As creature features go, this one is all over the place in terms of make-up and computer generated effects. One morph right in the camera’s lens is pretty horrible, but in the end one final go at the effects leads me to believe that all the money was saved for these shots so that the climax of the film actually meant something (which unfortunately it didn’t due to the lack of interest in the build up). The vampires were ok for the most part, pulling heavily from the Buffy the Vampire Slayer look, and the zombies were actually pretty interesting in terms of their degradation, but the worst were the werewolves. They were too comical looking to be taken seriously as a threat, in a 1985 Teen Wolf sort of way, but worse.
Story wise, the relationship between Dylan Dog (Brandon Routh) and a woman, Elizabeth (Anita Briem), whose father’s death is what brings this case to Dylan’s attention, is laughably forced as it progresses. At first he is just simply here to protect her, but as he lets her in (ie tells her all about what happened to his last girlfriend), things go a little like this: Dylan – “Oh I miss my girlfriend so much. We can’t do this. But we need the plot point, so do you want to have sex with me?”
For every horrible attempt to keep her character in play, there are just as many great moments between Dylan and his sidekick Marcus. Sam Huntington creates the majority of the great scenes of the film with his awkward comedic relief, and without him there is no way that this film would have remained watchable in the slightest.
Final Grade: D
Red State (2011) – Currently available for streaming through Netflix
Overly zealous religious individuals can be pretty annoying for those who don’t share their level of love for the Lord. Then get them in a group and their beliefs can be down right deadly.
As a great attempt at marketing within the DVD, a preview for Bill Maher’s Religulous can be found before the DVD’s menu screen. As a documentary about exploring the nature of religion and how beliefs may seem a little ridiculous to someone on the outside looking in, it fits perfectly with the main body of characters in Red State. The film picks up with three boys who have a sexual drive that would put those from American Pie to shame. When one of the three makes a date to get down and dirty with a woman he has been talking to on the internet, his two friends go along to share in the fun.
Arguing for the fact that you should always be hesitant to trust strangers you meet on the internet, these boys are drugged and kidnapped by a group of crazy religious individuals who make the Westboro Baptist Church look like standup citizens in their hatred of homosexuals and sexual deviants. As this kidnapping brings in a hint of suspense as the lives of the three friends are seriously threatened thanks to the church’s willingness to rid the world of those who look to corrupt it, this genre switch only marks the first time in which the tone of the film changes, moving through horny boys to suspense to action to possible paranormal happenings before the film is done.

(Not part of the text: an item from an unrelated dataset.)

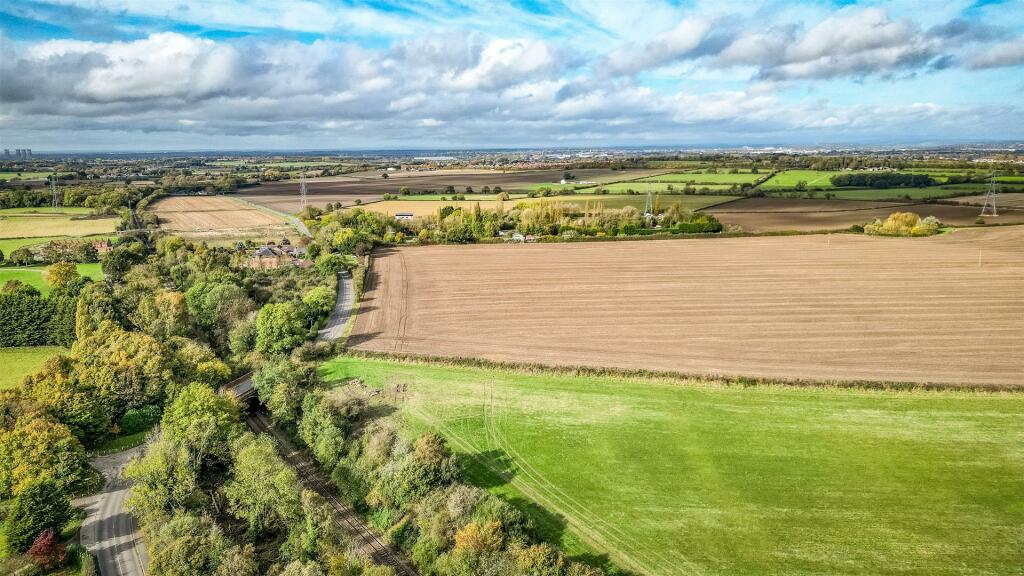 Additional image 34 of Swarkestone Road, Weston-On-Trent, Derby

This group of believers will have anyone rooting for their deaths as things escalate and their stash of guns finally gets to come out of the bowls of the church (especially after a rather lengthy sermon about all those “filthy perverts”), yet it still manages to keep these religious extremists from being the only ones with faults as law enforcement officers move in to sweep the escalating situation under the rug as cleanly as possible.
With a few graphic moments that manage to shock and an end to the violence that is ridiculous enough in a comical sense as the tone once again flips on a dime, the film is recommended for those who don’t mind blood and religious extremists becoming a mockery.